Wenige Kilometer weiter dann Schloss Esterházy, eines der schönsten Schlösser des Landes. Es gehört zum Weltkulturerbe und wird auch als Versailles Ungarns bezeichnet. Wir machten keine Führung mit, da sehr viele Schulklassen unterwegs waren. Außerdem wäre auch nur der untere Teil zu besichtigen gewesen, da in den oberen Räumen ein Film gedreht wurde. Einige Schauspieler saßen in der Eingangshalle und warteten auf ihren Einsatz. Wir fuhren zu einem Seiteneingang, wo wir glaubten, in den Park gehen zu können, aber auch hier war wegen der Dreharbeiten abgesperrt. Wir waren kurz Zaungäste und sahen eine Kutsche vorbei fahren, in der gerade ein Paar in historischen Kostümen gefilmt wurde. War schon interessant! Unsere neuen Freunde fanden heraus, dass ein Mehrteiler über Bismarck gedreht wurde. Im Frühjahr 1990 wurde der Film mit Uwe Ochsenknecht, der leider gerade nicht am Drehort war, im ZDF gezeigt. Natürlich haben wir da vor dem Fernseher gesessen und uns erinnert.
Györ, deutsch Raab, war die nächste Station. Anders als in Sopron wurden hier etliche Häuser restauriert und das lohnt sich auch in dieser sehenswerten Altstadt. Lange hielten wir uns hier nicht auf. Gerade so lange wie man für 2 Bällchen Eis-Schlecken braucht, die ganze 30 Pfennig kosteten!
Weiter ging die Fahrt nach Esztergom, eine der ältesten Städte Ungarns.

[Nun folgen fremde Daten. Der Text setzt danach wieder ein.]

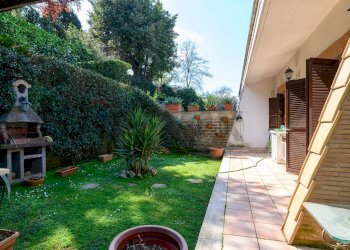Giardino - Casa semi indipendente VIA DI COLLEVERDE
 
47, Castelnuovo di Porto - foto 60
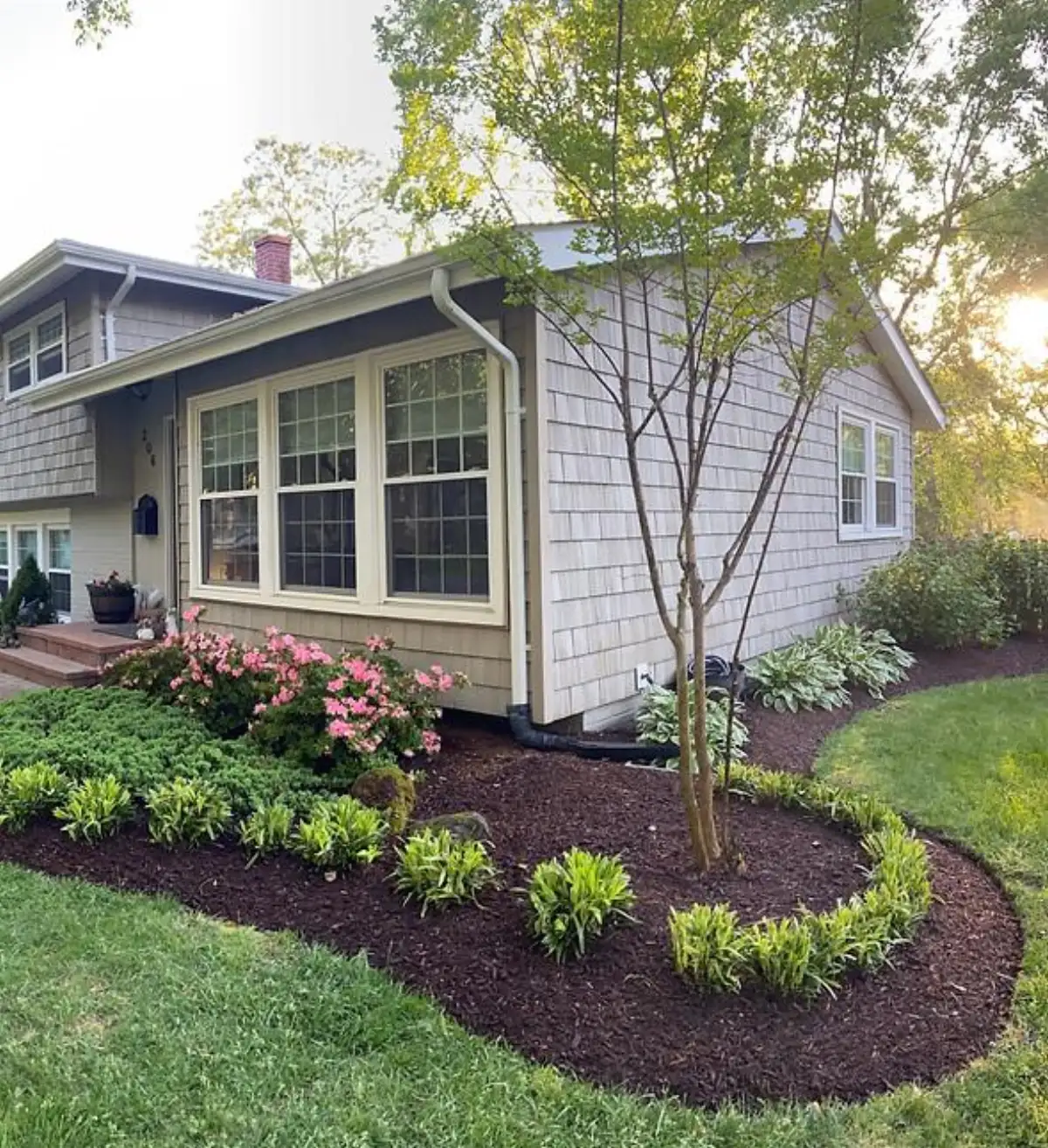 Fall leaf removal and cleanup service near Pasadena MD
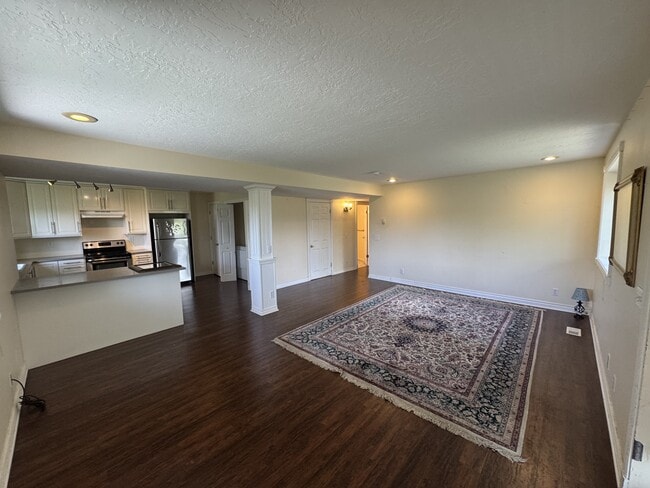 Building Photo - 340 Rainbow Ln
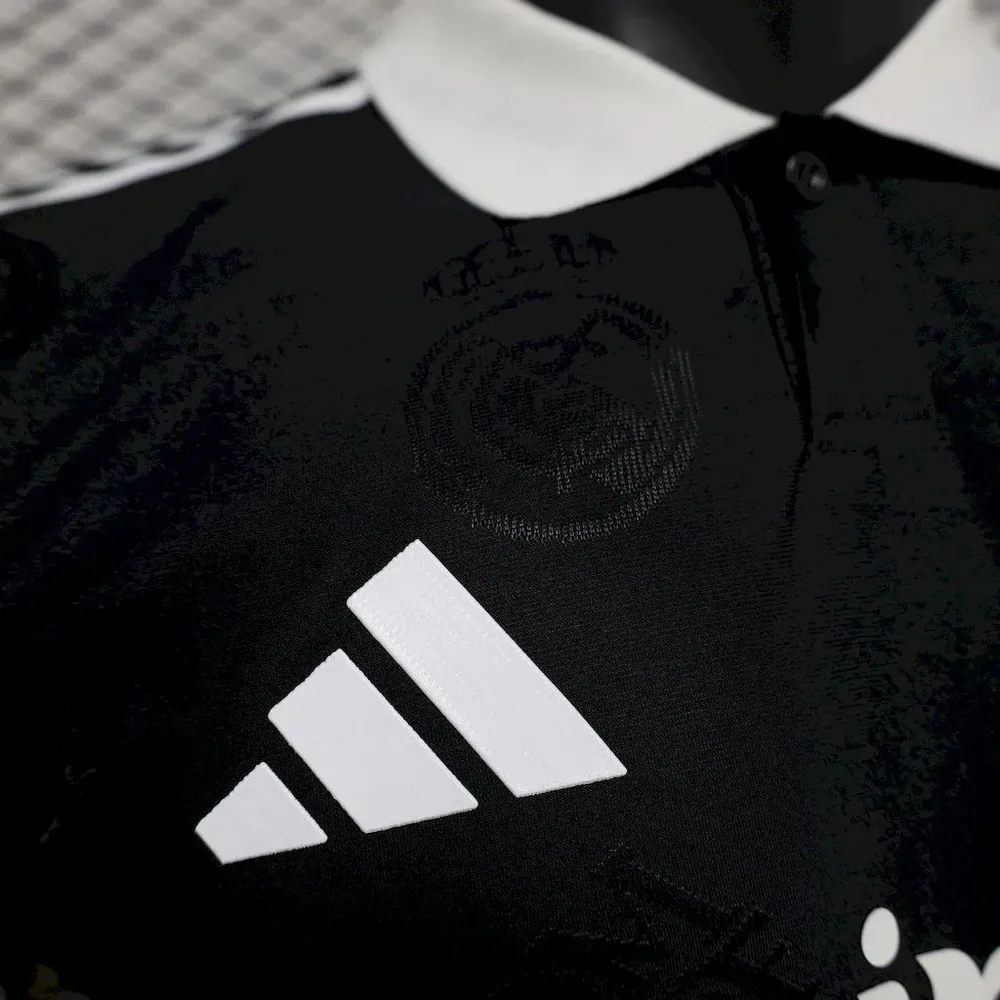 2025/2026 Versión Jugador Edición Especial Real Madrid 02 Camiseta de Fútbol Calidad Tailandesa — Vista 4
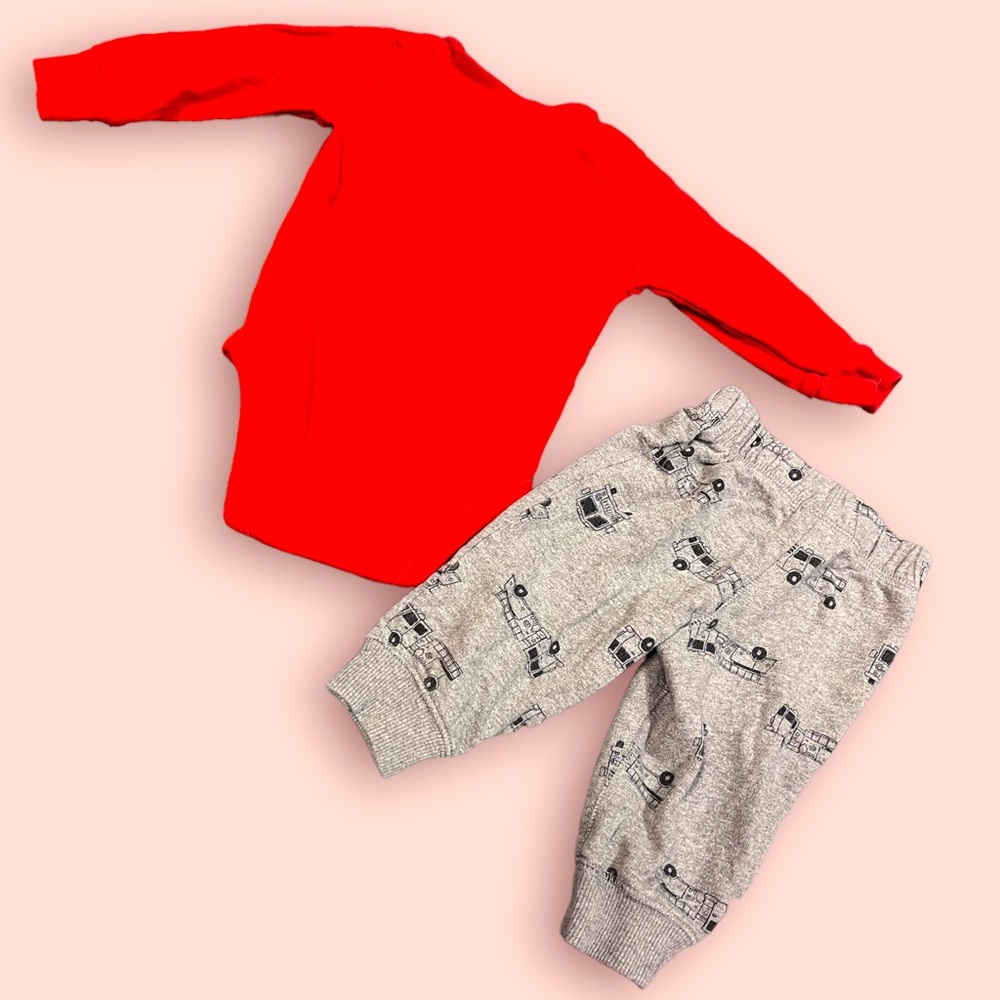 🎉HP🎉 Carter’s Boys 6 Month Bundle of EIGHT 👶🏼👩🏽‍🍼🧑🏻‍🍼 - Picture 5 of 11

Auf der Fahrt überwältigte es mich: ich sah fast nichts mehr von der Landschaft und den Orten, die wir passierten, da mir einfach die Augendeckel runter klappten und mein Kopf nach vorne fiel. Nichts half, kein Bonbon, kein Füße-hoch-legen, kein Lesen, im Gegenteil, letzteres machte es nur schlimmer. In Esztergom war ich wieder fit, topfit, und überzeugte meinen Mann, dass wir unbedingt die knapp 400 Stufen in die Kuppel dieser beeindruckend großen Kirche, die größte Ungarns, hochsteigen müssten. Es war zwar etwas dunstig, trotzdem war der Blick von oben die Anstrengung wert. In die Schatzkammer ging Alfred dann noch mit. Viele Menschen, sehr warm in den Räumen und alle Beschreibungen nur ungarisch. Schade! Wir betrachteten die wertvollen Stücke sicher nicht mit der ihnen gebührenden Ehrfurcht. Wir schwitzten. In die Gruft ließ mich mein Mann dann alleine steigen. Er hatte die Nase voll von Treppen.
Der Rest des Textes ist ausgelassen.